Another dichotomy that seemed present in the reading was between synagogue and Temple. This, of course, was partly geographic, since the Temple only existed in Jerusalem, whereas synagogues were all over Israel. But where there were synagogues there were also Pharisees. I may be mistaken, but it seemed that the Sadducees (the other Jewish group) were present only in Jerusalem.

This makes sense, though, based on my understanding of the historical period. Sadducees were supporters of the Temple cult. Pharisees were separatists (which is the meaning of the word “Pharisee”). Synagogues and rabbis were pharisaic institutions. Temples and priests were Sadducee institutions.

In this sense, Jesus was himself a Pharisee. He was called rabbi (so he had the pharisaic title) and, as I noted here a few days ago, his beef with the Pharisees wasn’t doctrinal. Pharisees believed in doing good works for the poor, compassion, and, more importantly, they believed in resurrection. Sadducees did not believe in resurrection. Jesus didn’t like the Pharisees because they were hypocrites—they didn’t walk the talk.

The most interesting part of the debate between Jesus and the Pharisees centers around the permissibility of curing people on the Sabbath. Jesus takes what I consider a pharisaic position that acts of compassion trump the strictures of Sabbath observance. Now, I can’t point to a text from the rabbinic tradition that would support that position (maybe I’ll research that someday), but I do know that common teaching and practice would agree with Jesus against the Pharisees as a matter of the principle of leniency.

(All I know is that many years ago, when I had surgery performed by an Orthodox Jew on a Friday and I had unforeseen bleeding on the Sabbath, he was right there without hesitation to patch me up. He had pre-arranged with his service to contact him when such things occurred. But he didn’t schedule any visits or surgeries for the Sabbath. Only emergencies.)

If it turns out that, even if pharisaic doctrine was in agreement with Jesus, I could see the Pharisees asking: Why didn’t Jesus cure these folks on Friday? Or any day but the Sabbath? We don’t know if this question was ever asked.

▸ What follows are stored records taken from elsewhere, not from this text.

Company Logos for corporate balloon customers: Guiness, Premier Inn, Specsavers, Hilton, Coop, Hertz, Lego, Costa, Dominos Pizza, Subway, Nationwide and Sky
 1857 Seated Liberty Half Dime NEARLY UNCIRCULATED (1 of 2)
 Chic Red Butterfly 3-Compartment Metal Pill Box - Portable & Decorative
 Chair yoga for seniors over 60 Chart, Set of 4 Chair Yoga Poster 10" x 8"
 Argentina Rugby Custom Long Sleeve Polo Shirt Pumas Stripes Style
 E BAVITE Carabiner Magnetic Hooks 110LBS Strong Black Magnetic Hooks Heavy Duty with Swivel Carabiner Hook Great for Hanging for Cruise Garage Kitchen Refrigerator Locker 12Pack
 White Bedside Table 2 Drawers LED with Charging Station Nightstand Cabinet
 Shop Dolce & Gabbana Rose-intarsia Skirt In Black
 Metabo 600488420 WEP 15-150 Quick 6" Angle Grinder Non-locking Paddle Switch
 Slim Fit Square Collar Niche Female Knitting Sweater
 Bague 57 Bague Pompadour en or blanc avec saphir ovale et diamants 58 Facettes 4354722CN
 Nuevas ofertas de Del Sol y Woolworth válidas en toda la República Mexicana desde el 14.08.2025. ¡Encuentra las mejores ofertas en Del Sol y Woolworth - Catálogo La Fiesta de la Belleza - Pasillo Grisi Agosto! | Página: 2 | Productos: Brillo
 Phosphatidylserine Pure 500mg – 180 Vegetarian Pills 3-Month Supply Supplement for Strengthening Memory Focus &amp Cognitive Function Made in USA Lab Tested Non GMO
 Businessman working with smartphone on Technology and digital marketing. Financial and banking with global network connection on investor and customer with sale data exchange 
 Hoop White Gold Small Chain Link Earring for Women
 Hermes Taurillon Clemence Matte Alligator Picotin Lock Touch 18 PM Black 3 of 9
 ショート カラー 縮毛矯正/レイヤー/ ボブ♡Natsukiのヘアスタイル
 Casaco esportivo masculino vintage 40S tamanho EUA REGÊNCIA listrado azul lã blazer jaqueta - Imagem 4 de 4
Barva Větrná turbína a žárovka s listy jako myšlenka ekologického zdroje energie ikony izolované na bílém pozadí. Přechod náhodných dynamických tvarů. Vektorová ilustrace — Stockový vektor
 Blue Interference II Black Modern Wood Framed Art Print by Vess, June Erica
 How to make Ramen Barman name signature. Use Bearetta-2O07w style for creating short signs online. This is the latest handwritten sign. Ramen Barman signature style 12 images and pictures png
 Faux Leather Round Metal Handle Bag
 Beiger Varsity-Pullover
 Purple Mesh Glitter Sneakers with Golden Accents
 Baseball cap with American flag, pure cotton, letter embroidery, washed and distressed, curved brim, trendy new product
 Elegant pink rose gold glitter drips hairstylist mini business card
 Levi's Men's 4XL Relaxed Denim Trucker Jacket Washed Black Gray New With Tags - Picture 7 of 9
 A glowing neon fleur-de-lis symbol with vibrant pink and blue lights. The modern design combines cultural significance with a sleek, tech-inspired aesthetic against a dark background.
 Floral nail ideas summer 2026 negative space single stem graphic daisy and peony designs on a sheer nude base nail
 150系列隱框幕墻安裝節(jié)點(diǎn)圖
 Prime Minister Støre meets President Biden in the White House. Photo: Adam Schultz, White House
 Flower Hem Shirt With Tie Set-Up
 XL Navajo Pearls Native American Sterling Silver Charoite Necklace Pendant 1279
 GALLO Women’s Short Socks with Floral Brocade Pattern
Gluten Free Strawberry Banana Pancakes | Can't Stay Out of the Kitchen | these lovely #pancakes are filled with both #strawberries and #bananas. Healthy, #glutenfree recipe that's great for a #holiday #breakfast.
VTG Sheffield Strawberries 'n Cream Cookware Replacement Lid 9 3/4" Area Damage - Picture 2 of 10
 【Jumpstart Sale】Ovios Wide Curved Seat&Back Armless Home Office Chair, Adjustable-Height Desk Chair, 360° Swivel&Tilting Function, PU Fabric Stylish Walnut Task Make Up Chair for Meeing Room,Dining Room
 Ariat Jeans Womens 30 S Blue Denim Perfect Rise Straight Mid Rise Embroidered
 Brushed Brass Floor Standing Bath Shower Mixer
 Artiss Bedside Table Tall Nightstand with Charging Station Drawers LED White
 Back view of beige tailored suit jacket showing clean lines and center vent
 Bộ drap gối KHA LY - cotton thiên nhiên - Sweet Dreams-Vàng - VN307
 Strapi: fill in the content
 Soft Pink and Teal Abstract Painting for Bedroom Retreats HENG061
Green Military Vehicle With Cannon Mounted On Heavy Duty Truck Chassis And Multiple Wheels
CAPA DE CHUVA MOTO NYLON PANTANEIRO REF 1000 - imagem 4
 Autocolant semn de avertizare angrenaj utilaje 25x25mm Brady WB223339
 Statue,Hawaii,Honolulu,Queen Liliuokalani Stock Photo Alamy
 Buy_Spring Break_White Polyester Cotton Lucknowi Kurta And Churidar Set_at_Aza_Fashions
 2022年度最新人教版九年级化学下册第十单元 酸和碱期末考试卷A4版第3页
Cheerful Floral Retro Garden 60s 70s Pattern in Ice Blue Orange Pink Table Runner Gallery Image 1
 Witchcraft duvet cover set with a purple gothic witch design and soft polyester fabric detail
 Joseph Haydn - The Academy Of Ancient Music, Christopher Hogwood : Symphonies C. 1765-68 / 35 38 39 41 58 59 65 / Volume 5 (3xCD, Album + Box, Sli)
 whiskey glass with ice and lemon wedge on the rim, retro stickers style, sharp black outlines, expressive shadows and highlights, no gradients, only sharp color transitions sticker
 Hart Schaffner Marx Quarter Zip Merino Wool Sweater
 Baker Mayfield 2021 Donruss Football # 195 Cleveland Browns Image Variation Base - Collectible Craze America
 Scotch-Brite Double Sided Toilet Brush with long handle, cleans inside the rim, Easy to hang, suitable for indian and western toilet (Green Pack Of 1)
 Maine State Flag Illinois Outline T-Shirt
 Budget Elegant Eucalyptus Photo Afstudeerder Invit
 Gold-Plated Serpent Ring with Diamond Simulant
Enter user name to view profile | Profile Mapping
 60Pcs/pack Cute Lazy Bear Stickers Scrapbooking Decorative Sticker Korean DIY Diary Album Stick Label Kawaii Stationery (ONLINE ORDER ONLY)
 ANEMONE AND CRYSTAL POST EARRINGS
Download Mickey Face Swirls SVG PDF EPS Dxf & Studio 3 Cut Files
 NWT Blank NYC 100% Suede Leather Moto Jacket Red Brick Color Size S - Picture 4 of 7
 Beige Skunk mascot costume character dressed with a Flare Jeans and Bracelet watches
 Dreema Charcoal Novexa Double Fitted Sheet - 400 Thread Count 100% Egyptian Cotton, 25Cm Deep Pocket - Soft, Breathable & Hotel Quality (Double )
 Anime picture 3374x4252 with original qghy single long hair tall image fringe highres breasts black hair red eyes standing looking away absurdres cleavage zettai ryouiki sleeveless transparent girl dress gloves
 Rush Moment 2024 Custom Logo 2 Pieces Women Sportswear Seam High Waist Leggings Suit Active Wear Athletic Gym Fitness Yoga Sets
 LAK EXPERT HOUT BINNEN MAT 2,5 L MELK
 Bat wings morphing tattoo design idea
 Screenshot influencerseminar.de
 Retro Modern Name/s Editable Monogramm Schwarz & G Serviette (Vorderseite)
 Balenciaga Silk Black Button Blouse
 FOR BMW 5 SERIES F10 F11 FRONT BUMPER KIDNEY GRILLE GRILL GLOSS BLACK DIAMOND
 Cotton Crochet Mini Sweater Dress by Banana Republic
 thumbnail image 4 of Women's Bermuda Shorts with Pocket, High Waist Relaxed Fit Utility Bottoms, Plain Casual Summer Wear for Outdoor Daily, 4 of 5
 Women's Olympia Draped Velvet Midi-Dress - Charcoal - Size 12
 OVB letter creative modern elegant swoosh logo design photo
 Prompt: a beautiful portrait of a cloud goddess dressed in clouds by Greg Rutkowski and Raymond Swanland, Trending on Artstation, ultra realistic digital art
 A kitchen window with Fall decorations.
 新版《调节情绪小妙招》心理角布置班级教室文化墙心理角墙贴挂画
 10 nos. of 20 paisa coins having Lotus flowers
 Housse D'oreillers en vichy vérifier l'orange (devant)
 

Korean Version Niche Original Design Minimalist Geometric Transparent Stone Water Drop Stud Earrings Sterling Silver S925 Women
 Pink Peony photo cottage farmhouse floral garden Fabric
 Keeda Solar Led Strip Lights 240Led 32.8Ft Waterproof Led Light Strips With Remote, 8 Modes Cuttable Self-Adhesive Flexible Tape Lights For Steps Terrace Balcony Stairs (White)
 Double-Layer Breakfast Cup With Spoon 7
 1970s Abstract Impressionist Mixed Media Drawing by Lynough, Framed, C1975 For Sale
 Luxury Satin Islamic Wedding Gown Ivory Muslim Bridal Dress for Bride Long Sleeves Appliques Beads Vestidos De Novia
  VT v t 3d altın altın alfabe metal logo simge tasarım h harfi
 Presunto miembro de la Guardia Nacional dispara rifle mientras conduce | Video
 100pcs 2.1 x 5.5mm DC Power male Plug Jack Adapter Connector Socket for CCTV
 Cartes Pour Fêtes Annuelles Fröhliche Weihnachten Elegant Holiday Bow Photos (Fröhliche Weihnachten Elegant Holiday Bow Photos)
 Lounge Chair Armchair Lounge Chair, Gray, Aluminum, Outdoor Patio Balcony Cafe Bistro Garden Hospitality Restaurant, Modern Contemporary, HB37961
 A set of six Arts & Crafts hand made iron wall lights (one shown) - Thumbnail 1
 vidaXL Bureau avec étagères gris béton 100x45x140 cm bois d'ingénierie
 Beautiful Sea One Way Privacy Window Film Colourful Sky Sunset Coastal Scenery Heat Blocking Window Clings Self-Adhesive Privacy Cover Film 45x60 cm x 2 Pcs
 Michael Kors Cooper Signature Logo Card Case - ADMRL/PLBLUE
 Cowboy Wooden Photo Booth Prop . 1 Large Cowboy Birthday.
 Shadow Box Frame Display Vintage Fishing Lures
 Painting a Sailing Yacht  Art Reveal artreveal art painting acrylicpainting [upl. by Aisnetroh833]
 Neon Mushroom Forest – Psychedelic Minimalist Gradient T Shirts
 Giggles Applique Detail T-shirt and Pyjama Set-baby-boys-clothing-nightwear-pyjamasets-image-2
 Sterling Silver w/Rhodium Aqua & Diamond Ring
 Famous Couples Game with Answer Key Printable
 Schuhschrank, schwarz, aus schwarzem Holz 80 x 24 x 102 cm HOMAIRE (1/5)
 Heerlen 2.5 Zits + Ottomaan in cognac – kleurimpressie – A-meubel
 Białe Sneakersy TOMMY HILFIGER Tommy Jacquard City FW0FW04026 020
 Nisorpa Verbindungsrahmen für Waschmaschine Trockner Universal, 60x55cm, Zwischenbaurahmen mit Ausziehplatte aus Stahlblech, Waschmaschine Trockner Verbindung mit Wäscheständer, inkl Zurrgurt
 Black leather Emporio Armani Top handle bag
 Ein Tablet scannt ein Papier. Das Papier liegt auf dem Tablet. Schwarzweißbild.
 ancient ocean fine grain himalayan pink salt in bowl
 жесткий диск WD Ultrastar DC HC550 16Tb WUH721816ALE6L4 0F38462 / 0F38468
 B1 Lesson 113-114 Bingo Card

One other thing: In John, Jesus responds to the Pharisees saying that God the Father doesn’t rest on the Sabbath. But the very first mention of the Sabbath in the Bible (Genesis) has God resting after six days of creation. Apparently, there was a rabbinic debate that asks this very question. I don’t know if I ever saw it.

So that’s enough of that for now.

In a couple of hours, we’ll be getting in the car for the ride out to Pioneer Tree Farm. Pioneer is owned by an older couple who are very committed to environmentalism. Their farm is part of something called an “environmental easement” that apparently protects the farm from encroaching development. (The place where we used to pick apples in the country was swallowed up by a subdivision.) They run the tree farm as an organic farm.

And the picking is subject to changes in the weather. The last few years, they have been open only two or three weekends after Thanksgiving because the weather a half dozen years ago was not very good for tree planting.

We get wispy white pines. Some people call them Charlie Brown Christmas trees because the branches are not compact. The needles are soft and so is the look. You can see lights through the tree, giving a three-dimensional effect, though the lights do cause the branches to sag some. We like it. If you don’t, you don’t have to come to our house. Or you can close your eyes.

There is a warming house at the tree farm where you can get cocoa or a cookie or some other baked goods and some hand-crafted ornaments and decorations. Outside the warming house a fire may be burning and you may see people making candles. You may get to make one yourself.